Fraudsters Exploit Issuers and Apple Pay
March 5, 2015
A security flaw in Apple Pay is making it relatively easy for fraudsters to provision credit cards into Apple Pay using stolen information. The vulnerability, first publicized by Drop Labs, has nothing to do with the biometric authentication of TouchID or the tokenization of card information that Apple Pay leverages, making transactions relatively secure. Instead, inadequate authentication of users trying to set up their credit card in Apple Pay is to blame.
“Credit card issuers in general have a good handle on fraud,” said the Drop Labs blog post on the subject. “They manage it under 10bps (i.e. losses of $0.10 or less per $100 of transactions) on transactions made with a dumb plastic card lacking any additional context.
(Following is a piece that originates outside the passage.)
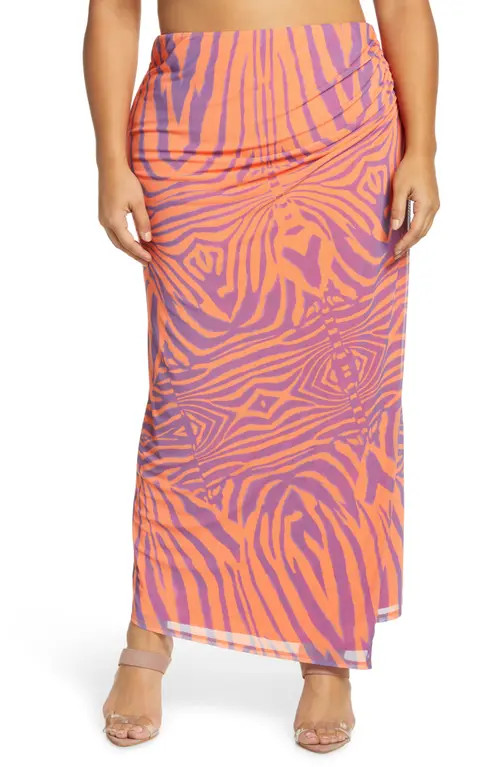 AFRM Dita Zebra Print Ruched Side Maxi Skirt in Orange Zebra at Nordstrom, Size 3X | Nordstrom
But fraud seems to have followed a different trajectory here. About a month post-launch, it seems like fraud has come to Apple Pay (in one case — as high as 600bps for an issuer that I cannot name).”
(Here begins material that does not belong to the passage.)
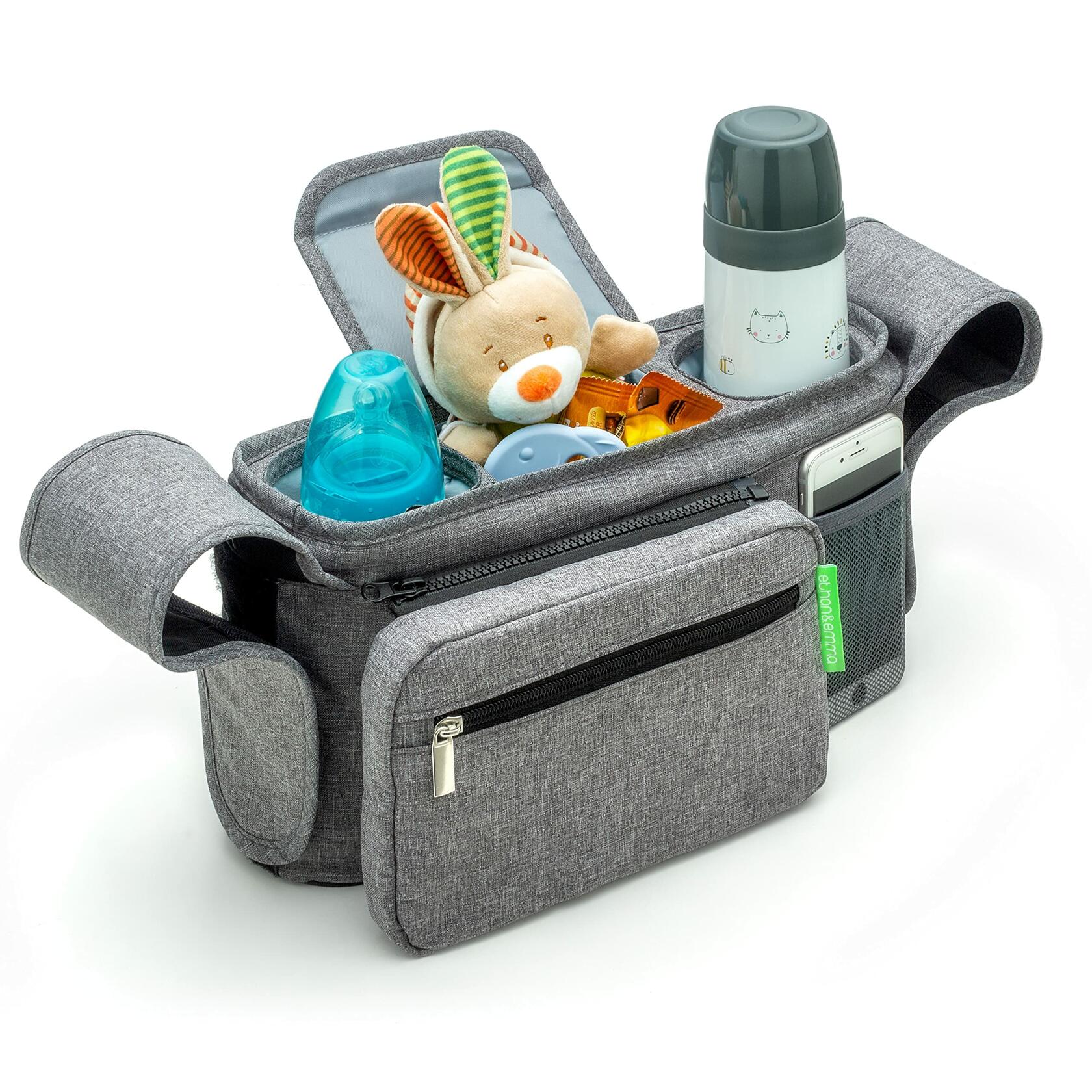 Ethan & Emma Universal Stroller Organizer Insulated Cup Holders Diaper Storage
Card-not-present merchants, for once, seem to be at an advantage in this scenario. Where a fraudster might have simply used the stolen information to make a purchase online, Cherian Abraham of Drop Labs said they are using it instead to provision cards on Apple Pay because “online retailers who shoulder liability in the occurrence of fraud have become increasingly sophisticated in fighting it.” So, leveraging stolen credentials to provision a card account on Apple Pay acts like a counterfeit card—without the plastic or magstripe—that criminals can use to make purchases in a physical store.
“The 24 hours or more delivery window offers them a sufficient window of opportunity to deploy a number of fraud fighting measures (velocity, device fingerprinting, category checks) — and that’s too much of a coin-toss for a fraudster. AP is proving to be a lot simpler.”